**Required action**
Print nothing but the lines below starting at the line that holds "Fusible 5 x 20 mm 3 a" and ending at the line that holds "Holdsworth Chocolates Dark", including both, each exactly as written.

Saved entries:
-----

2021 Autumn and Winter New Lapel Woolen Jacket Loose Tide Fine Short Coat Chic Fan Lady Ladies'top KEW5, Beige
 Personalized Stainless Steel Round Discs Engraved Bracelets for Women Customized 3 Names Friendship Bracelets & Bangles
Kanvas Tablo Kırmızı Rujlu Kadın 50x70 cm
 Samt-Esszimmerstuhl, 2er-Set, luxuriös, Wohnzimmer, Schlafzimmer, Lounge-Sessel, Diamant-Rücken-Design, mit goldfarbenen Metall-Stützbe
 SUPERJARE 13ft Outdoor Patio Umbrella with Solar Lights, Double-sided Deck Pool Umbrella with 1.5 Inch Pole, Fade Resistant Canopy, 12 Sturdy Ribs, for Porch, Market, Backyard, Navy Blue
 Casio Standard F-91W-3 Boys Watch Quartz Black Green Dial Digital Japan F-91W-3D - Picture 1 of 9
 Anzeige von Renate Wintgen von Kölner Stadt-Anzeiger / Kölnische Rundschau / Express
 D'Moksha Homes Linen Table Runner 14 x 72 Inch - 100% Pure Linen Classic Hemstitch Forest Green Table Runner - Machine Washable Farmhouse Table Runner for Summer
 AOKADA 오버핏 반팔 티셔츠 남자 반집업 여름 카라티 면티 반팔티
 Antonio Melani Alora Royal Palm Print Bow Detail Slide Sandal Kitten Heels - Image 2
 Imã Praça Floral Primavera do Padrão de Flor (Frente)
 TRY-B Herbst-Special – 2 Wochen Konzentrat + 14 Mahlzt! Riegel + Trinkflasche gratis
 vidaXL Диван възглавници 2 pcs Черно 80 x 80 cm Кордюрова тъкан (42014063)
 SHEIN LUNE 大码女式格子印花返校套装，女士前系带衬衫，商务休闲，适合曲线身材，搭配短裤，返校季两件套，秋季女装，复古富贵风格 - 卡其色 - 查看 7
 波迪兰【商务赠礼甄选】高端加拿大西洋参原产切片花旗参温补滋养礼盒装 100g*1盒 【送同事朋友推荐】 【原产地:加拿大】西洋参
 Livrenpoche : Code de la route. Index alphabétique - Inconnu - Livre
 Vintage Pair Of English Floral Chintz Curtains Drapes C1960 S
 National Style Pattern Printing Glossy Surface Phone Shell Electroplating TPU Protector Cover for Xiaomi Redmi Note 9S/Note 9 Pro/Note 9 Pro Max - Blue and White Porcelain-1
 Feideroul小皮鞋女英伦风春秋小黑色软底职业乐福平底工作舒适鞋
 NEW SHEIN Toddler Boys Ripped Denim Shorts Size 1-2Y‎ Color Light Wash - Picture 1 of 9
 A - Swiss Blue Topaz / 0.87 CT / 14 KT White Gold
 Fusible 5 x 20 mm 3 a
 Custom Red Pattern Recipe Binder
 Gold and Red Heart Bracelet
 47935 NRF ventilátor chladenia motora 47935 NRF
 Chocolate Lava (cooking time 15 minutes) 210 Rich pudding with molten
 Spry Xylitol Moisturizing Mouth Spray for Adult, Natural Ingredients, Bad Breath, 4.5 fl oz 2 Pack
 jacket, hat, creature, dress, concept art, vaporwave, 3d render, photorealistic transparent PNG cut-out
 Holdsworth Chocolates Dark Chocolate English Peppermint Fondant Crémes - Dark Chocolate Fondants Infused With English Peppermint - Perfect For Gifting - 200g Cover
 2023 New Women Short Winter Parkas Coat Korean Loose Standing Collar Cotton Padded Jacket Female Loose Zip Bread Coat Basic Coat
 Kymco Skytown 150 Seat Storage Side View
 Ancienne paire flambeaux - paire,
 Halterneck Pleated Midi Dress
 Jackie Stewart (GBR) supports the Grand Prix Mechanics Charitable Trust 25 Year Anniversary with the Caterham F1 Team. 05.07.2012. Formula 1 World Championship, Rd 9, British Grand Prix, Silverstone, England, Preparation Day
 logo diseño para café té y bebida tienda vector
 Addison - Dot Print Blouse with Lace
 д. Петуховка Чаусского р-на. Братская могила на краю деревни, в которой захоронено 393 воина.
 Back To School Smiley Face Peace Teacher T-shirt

-----

**Exercise response**
 Fusible 5 x 20 mm 3 a
 Custom Red Pattern Recipe Binder
 Gold and Red Heart Bracelet
 47935 NRF ventilátor chladenia motora 47935 NRF
 Chocolate Lava (cooking time 15 minutes) 210 Rich pudding with molten
 Spry Xylitol Moisturizing Mouth Spray for Adult, Natural Ingredients, Bad Breath, 4.5 fl oz 2 Pack
 jacket, hat, creature, dress, concept art, vaporwave, 3d render, photorealistic transparent PNG cut-out
 Holdsworth Chocolates Dark Chocolate English Peppermint Fondant Crémes - Dark Chocolate Fondants Infused With English Peppermint - Perfect For Gifting - 200g Cover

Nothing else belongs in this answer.